Outsphere 3 fait 346 pages ; le temps que 250 soit arrivée, il m’était évident que l’histoire ne pouvait pas atteindre sa conclusion dans ce tome. D’une façon, j’avais tort — il y a une épilogue, après une note qui dit clairement qu’il y aura un quatrième tome, mais l’intrigue trouve sa résolution, « une fin certes un peu douce-amère » comme dit M. Duvert dans une note au lecteur. Mais même avec la fin que l’on a, il y a beaucoup de questions qui restent peu explorées — le sort du 3e personnage, ce qui est vraiment la Menace, les détails de l’événement à cause duquel la mémoire historique semble avoir été perdue.

Vous aurez remarqué que je n’ai dit presque rien sur l’intrigue lui-même.
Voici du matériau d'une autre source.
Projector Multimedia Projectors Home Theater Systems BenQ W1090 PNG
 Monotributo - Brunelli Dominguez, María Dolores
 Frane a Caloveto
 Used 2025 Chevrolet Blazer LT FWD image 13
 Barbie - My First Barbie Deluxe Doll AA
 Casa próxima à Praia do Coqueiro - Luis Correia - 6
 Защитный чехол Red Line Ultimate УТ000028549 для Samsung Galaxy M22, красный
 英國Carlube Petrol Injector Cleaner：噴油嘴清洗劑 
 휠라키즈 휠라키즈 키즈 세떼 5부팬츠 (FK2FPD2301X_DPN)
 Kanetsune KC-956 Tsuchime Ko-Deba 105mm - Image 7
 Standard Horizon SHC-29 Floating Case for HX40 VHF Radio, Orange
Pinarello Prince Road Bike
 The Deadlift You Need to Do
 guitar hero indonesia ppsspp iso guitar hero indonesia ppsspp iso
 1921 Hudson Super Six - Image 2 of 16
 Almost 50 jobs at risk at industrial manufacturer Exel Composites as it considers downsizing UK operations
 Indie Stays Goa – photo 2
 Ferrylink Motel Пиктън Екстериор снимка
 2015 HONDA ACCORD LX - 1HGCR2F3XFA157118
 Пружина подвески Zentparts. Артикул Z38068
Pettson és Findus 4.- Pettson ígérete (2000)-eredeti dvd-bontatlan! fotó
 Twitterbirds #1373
En partie, c’est parce que c’est difficile à le faire sans trop dire. Mais l’autre partie, c’est que j’avoue être plus qu’un peu déçu par la résolution. Jake Bowman n’est pas un homme parfait, mais je voulais désespérément qu’il trouve la seule chose dont il avait vraiment envie. En revanche, la leçon livrée encore et encore dans les livres de M. Duvert est que la vie ne se passe pas comme on l’aurait souhaitée.

Outsphere 3 est bien équipé de tous les points forts habituels chez M. Duvert. On est vite plongés dans l’intrigue, l’écriture est vive, les personnages sont intéressants — au-delà de vous prévenir qu’il faut vraiment commencer cette série au début, non pas avec le troisième tome, je n’hésite pas à le recommander. Je n’ai franchement aucun doute que le quatrième tome vaudra la peine, même si je sais qu’il va raconter tout autre histoire par rapport à ce que je devinais. C’est juste que l’on sait déjà que les histoires d’amour finissent mal, et je suis assez d’un bisounours pour avoir espéré le contraire.